Friday 20 February 2015

Reading Edward Thomas aloud to an unsuspecting audience





I have a terrible memory, and it's this more than anything else that means I'll never be an actor. How on earth do they learn all those lines?

It's not for lack of trying that I can't remember lines - tonight I'm reading Edward Thomas's poem, 'As the team's head-brass', between a couple of scenes in our community play, and I've really made a go of learning it by heart.

I read it aloud in bed. I marched across the fields reciting it. I pinned it up in the kitchen so I could keep checking it.

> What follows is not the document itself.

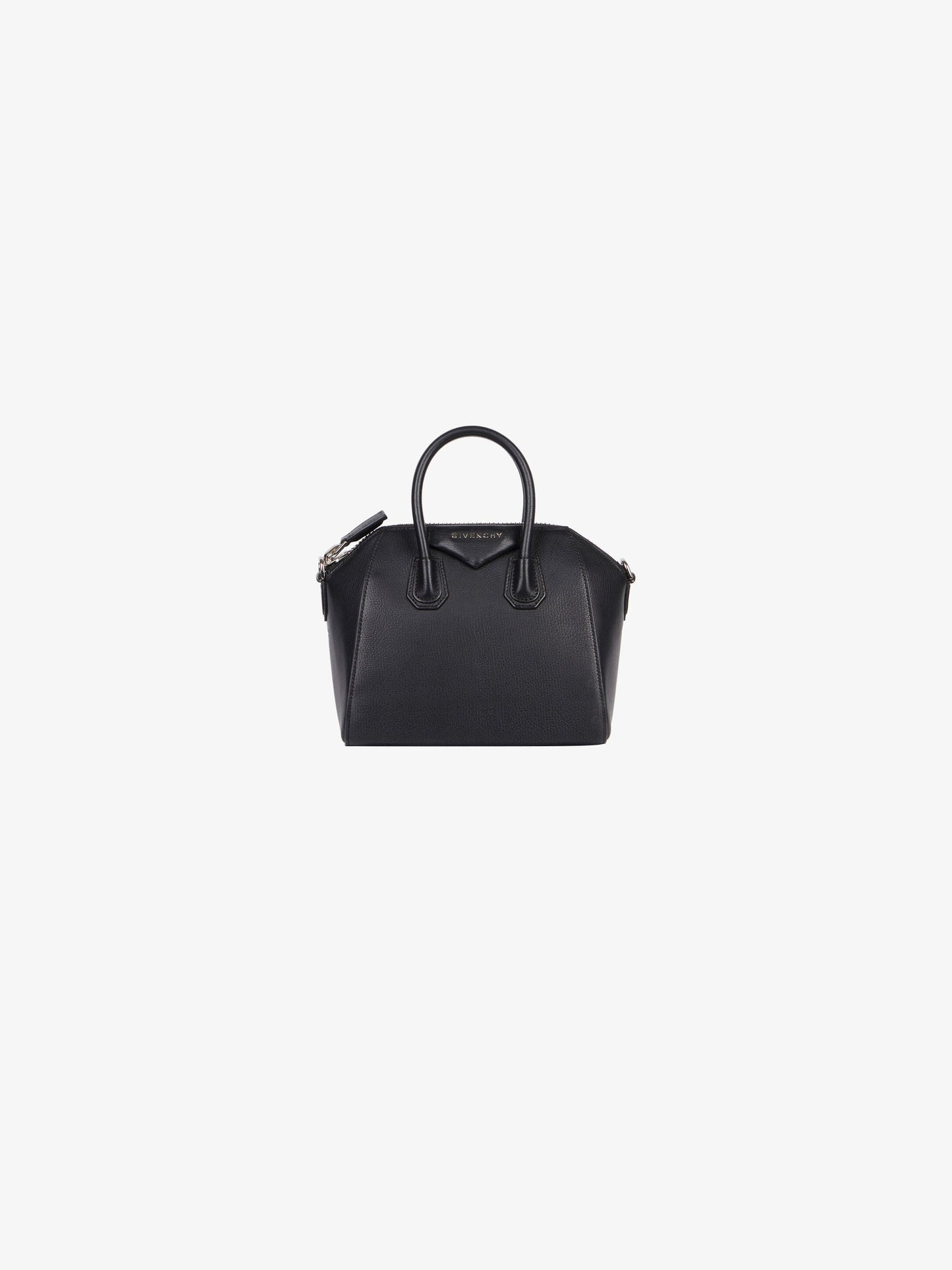 Givenchy Mini Antigona Satchel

No good. I learned the first stanza, but moving onto the second, I could feel those first hard-won lines falling out of my head again. So I'll be reading from the page.

But my attempts at learning the poem by heart have paid off. I'm a lot more confident about reading it, of course, but I've also seen so much more in the poem that I just slid over when reading it to myself.

Reading aloud to an audience, especially an audience that most likely don't read poetry from choice, really makes you think hard about what every line means. I want everyone in the room to feel the beauty of the poem, to see Thomas's images, to hear his sadness at leaving England for the front, and his knowledge that this is a place he loves so much it's worth defending.

Reading it as I first heard it in my head, the audience would hear little of this - I'm a lazy reader, I've found, reading too fast. Even if I read a poem aloud to myself, I don't go over and over a line that puzzles me, I say it just well enough to move on, and then move on. You can't do this when you're reading to other people - you have to work it all out, word by word, line break by line break.

In one of my attempts to tell the poem aloud from memory, I completely missed out the second line, 'The lovers disappeared into the wood.' It's easy to miss: the poem still makes perfect sense without it. But by leaving it out, you lose a rare smile in Thomas's poetry - he's glad they're off to make love and that their urge for life is so strong and unaffected by the death around them. At the end of the poem, the lovers reappear in a matching single line, just as Thomas is saying farewell to the scene before him and perhaps to his own life, and this acknowledgement that life will carry on, whatever happens, both softens the sadness and makes it more poignant.

After the lovers return - and this is easy to miss too - Thomas says 'The horses started and for the last time/ I watched the clods crumble and topple over/After the ploughshare and the stumbling team.' Because Thomas's style appears so conversational, the words 'for the last time' don't jump out at you - but here they are, at the end of a line, three lines from the end of the poem, leading us into a description of the breaking of earth with metal. Thomas is a subtle poet. He doesn't need to tell us what he sees ahead - he prepares the land and sows the seed, and leaves it to us to understand in the silence that follows.